For the quarter ended March 31, SBS’s consolidated net revenue climbed 8%, to $33.9 million. Radio division revenue increased by 4%, to $29.3 million, while the Mega TV television arm saw revenue jump 49%, to $4.7 million.
The company’s adjusted OIBDA was also up, as radio OIBDA grew 31%, to $11.63 million, and TV OIBDA swung to 202% growth, to $658,000. Consolidated Q1 OIBDA was up 59%, to $9.4 million.
Operating income surged to $7.6 million, from $3.8 million in Q1 2017.
When all was said and done, the growth helped SBS in lowering its steep net loss from $10.84 million ($1.49 per share), to a net loss of $3.37 million (46 cents per share).
The strong performance was anticipated, as Chairman/CEO Raúl Alarcón Jr. noted Q1 2018 was the best ever first quarter in the company’s history.
“Revenues increased and costs declined across all of our major business units, resulting, once again, in operating margins that are among the best in the industry,” he said, adding that SBS remains focused on driving revenue and controlling costs “while maximizing the positioning and penetration of our unique portfolio of assets in serving the needs of the U.S. Hispanic consumer.”
When can investors expect to get a peek at SBS’s Q2 performance?
“We will be pre-announcing second quarter estimates, evidencing continued positive momentum,” Alarcón said.
Radio segment net revenues increased by $1 million thanks to increases in local, network and special events revenue.
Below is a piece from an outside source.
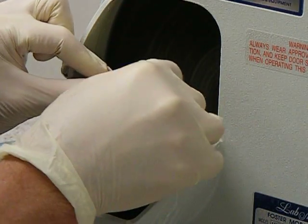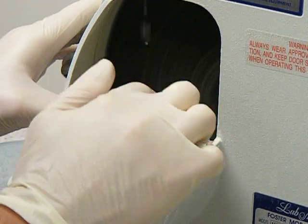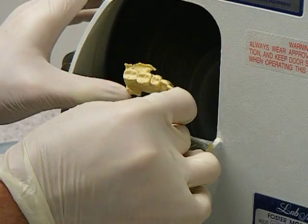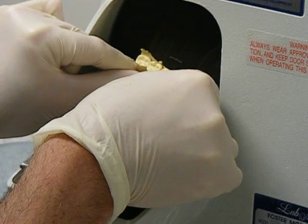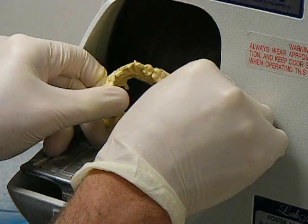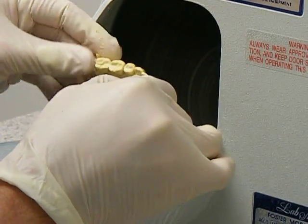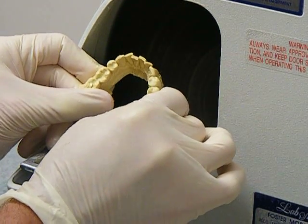You can trim the sides by placing it on the table and advancing it towards the disc. It's hard to see the buccal side of the teeth from here, so you may want to tilt the model — but make sure that you have a good grip on the model when you do so. That is about as rough a trim as we want on our models, and then you'll just rinse it off after this.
This was partially offset by decreases in national and barter sales. Local sales increased in SBS’s Puerto Rico and Los Angeles markets — great news as the commonwealth continues to return to normalcy following Hurricane Maria. Further, it helps SBS in Southern California, where the company has assailed Nielsen Audio over its handling of another PPM noncompliance matter, which impacted SBS’s KLAX-FM & KXOL-FM in L.A.
National sales decreased for SBS’s radio stations in New York and San Francisco markets.
Radio station operating expenses decreased mainly due to decreases in digital development and content production costs related to the LaMusica application, special events, barter, bad debt expenses and the impact of a legal settlement offset by increases in professional fees, advertising and commissions expenses.